Went to see Bridget Jones’s Baby last night.

It was probably my favourite movie this year.

I will make the caveat that I’m not saying this is the *best* film of the year but it does achieve a pretty impossible task. I use that language specifically to relate it to what Movies with Mikey describes in the success of The Force Awakens last year.

While not nearly on the grand scale of the Star Wars universe, Bridget Jones’s Baby comes from a deeply loved fictional world, many years after a widely disliked sequel. It’s yet to be clear if BJB will attract new fans to our little Bridget – although the international box office numbers suggest it might – this movie has definitely breathed new life into characters that many had written off for dead (or actually killed off in the case of the Bridget Jones novels – sorry Mr. Darcy).

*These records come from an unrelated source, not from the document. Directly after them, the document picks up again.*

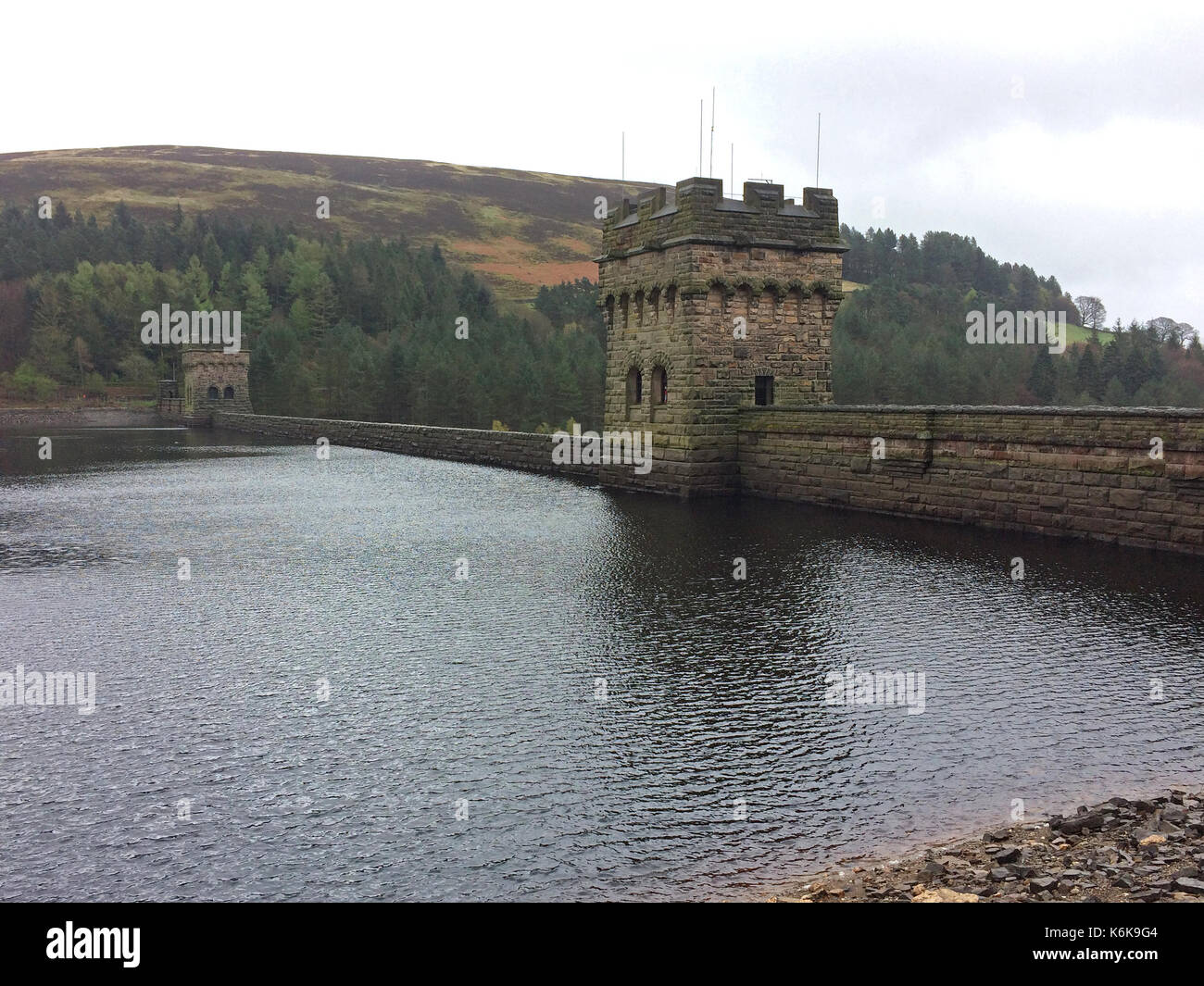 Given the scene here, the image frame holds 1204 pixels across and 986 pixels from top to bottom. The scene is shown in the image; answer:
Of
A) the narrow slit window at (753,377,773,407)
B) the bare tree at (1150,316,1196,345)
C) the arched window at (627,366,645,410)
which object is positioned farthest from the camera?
the bare tree at (1150,316,1196,345)

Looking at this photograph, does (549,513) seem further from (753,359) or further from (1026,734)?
(1026,734)

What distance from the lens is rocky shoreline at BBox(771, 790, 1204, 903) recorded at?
661cm

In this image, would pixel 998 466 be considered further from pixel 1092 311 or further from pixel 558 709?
pixel 1092 311

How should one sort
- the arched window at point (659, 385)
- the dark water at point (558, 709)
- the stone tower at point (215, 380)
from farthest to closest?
the stone tower at point (215, 380)
the arched window at point (659, 385)
the dark water at point (558, 709)

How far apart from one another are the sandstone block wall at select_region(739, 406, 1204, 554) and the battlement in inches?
192

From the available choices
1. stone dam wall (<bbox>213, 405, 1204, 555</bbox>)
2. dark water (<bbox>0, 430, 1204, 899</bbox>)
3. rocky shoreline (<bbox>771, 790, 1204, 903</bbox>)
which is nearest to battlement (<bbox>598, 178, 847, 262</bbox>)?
stone dam wall (<bbox>213, 405, 1204, 555</bbox>)

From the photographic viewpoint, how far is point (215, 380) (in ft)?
304

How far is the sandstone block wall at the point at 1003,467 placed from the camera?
18.8 m

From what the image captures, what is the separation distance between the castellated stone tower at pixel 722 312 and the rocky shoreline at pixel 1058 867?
21.7 m

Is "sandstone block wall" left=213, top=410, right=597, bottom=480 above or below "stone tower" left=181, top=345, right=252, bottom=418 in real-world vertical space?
below

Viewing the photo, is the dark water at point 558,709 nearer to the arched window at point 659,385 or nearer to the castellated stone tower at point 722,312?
the castellated stone tower at point 722,312

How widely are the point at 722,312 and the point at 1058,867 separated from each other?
23245mm

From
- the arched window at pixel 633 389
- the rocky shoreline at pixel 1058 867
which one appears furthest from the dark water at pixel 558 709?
the arched window at pixel 633 389

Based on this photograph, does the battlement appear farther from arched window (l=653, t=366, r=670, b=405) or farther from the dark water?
the dark water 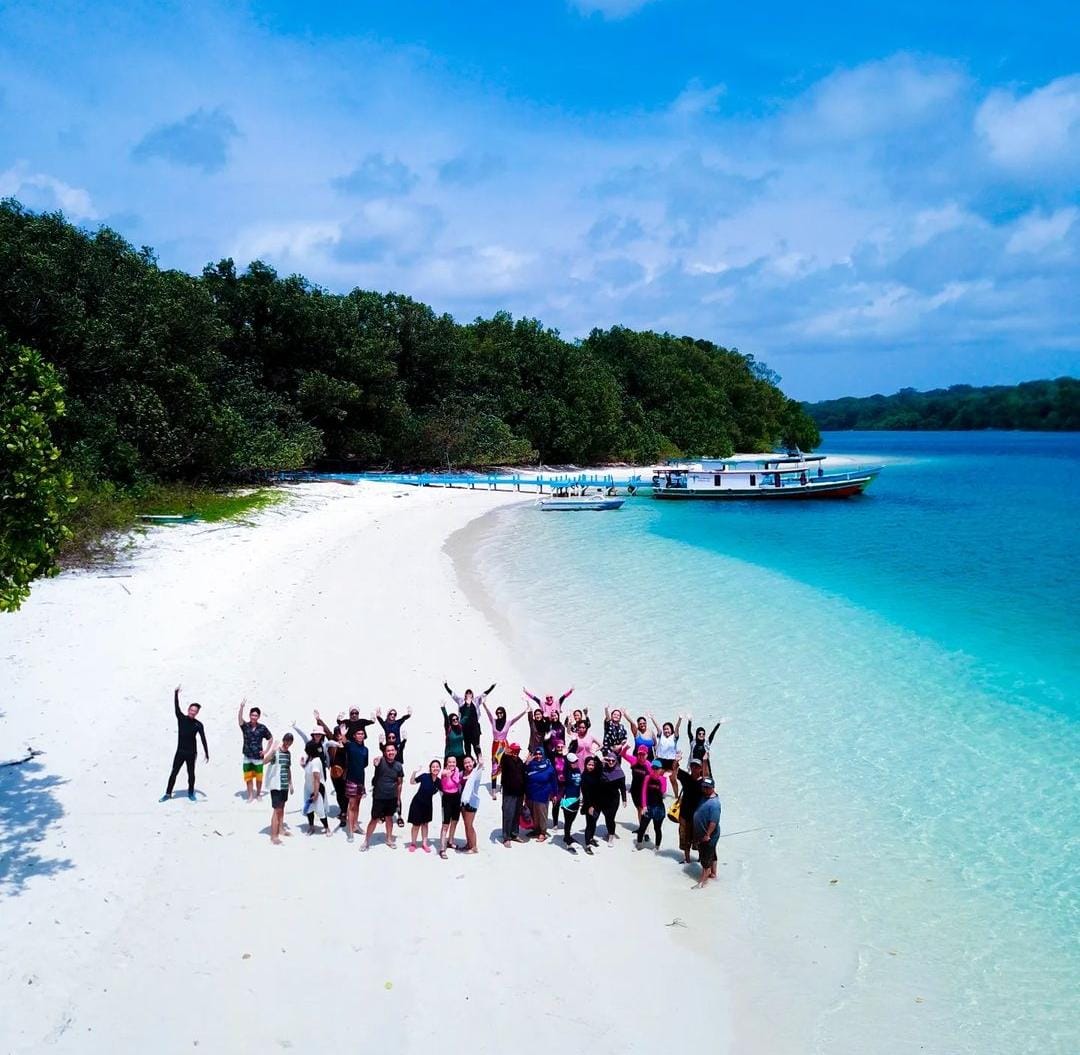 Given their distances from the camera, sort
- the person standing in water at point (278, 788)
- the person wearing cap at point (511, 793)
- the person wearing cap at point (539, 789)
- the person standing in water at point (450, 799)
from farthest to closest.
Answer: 1. the person wearing cap at point (539, 789)
2. the person wearing cap at point (511, 793)
3. the person standing in water at point (278, 788)
4. the person standing in water at point (450, 799)

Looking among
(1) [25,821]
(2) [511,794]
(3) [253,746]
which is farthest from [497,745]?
(1) [25,821]

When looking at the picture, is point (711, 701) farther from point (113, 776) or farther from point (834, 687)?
point (113, 776)

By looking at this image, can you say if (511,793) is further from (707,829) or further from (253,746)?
(253,746)

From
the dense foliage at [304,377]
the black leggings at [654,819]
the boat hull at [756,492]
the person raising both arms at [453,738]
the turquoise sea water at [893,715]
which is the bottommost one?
the turquoise sea water at [893,715]

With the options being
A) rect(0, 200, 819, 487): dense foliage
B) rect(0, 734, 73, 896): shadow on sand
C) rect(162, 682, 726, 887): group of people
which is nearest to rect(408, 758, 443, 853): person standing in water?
rect(162, 682, 726, 887): group of people

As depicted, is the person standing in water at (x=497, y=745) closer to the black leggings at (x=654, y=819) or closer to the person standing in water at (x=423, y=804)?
the person standing in water at (x=423, y=804)

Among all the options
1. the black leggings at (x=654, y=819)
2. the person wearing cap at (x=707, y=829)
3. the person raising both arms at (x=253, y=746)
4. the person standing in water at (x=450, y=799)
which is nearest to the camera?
the person wearing cap at (x=707, y=829)

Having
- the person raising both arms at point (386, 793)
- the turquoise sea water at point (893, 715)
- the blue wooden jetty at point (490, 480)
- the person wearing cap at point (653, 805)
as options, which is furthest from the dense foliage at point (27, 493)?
the blue wooden jetty at point (490, 480)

But what did this movie get right?

Much has been made of the fact that Renee Zellweger did not put on Bridget’s traditional extra few pounds for this film, but that overlooks what makes Bridget Jones one of the most beloved literary characters of our time. It’s never been about the weight specifically, but that she’s relatable. Where the second film really went wrong was sliding into caricature.

Yes, Bridget will always fuck up, but she’s not a fuck up. The Edge of Reason (the film at least – not the book, which is brilliant) robbed our heroin of agency, self-awareness, and smarts. She wasn’t real and she certainly wasn’t the Bridget Jones we grew to know almost like a friend from reading her diary.

So, that Bridget is no longer just a little bit fat might be a problem in isolation, but it’s not when this film so deeply understands Bridget and what makes her special (no surprise considering that Bridget Jones’s Diary helmer Sharon Maguire – and rumoured inspiration for Bridget’s best friend Sharon – is back behind the camera). While Bridget may have found her ideal weight, she’s still – at 43 – trying to sort her life out.

The first 30 minutes of this film are complete joy – catching up with friends we’ve known for years.
What’s Tom up to now?
Jude’s hair is so long!
Sharon has kids?!

Long-running movie series have the advantage of in-built moments like this if they properly take advantage of them, which BJB does brilliantly. It’s part of what has made the current golden age of television – the ability to tell stories that last more than a fleeting moment in time. BJB deftly intertwines old characters into Bridget’s current life, setting up the crux of the story, the titular baby.

The centre of the film is a little more serious as Bridget must decide – as she always has – where her life is headed next. Again, what makes this film a real joy to watch is that while there are, always, two men chasing her, Bridget is her own hero. She has regained her agency and truly loves herself (and her growing baby) more than she will ever love any of the men that may come and go from her world.

I’m not going to lie. I was worried about how it was all going to wrap in a satisfying way, but satisfy in does.

Needless to say, Bridget discovers the paternity of her baby, and lives happily ever after. I won’t spoil it but to say that while she ends up with a man, the final shot is of Bridget walking with her baby.

Throughout her journey she has family, friends, and loves, but the root of her story is that she is enough.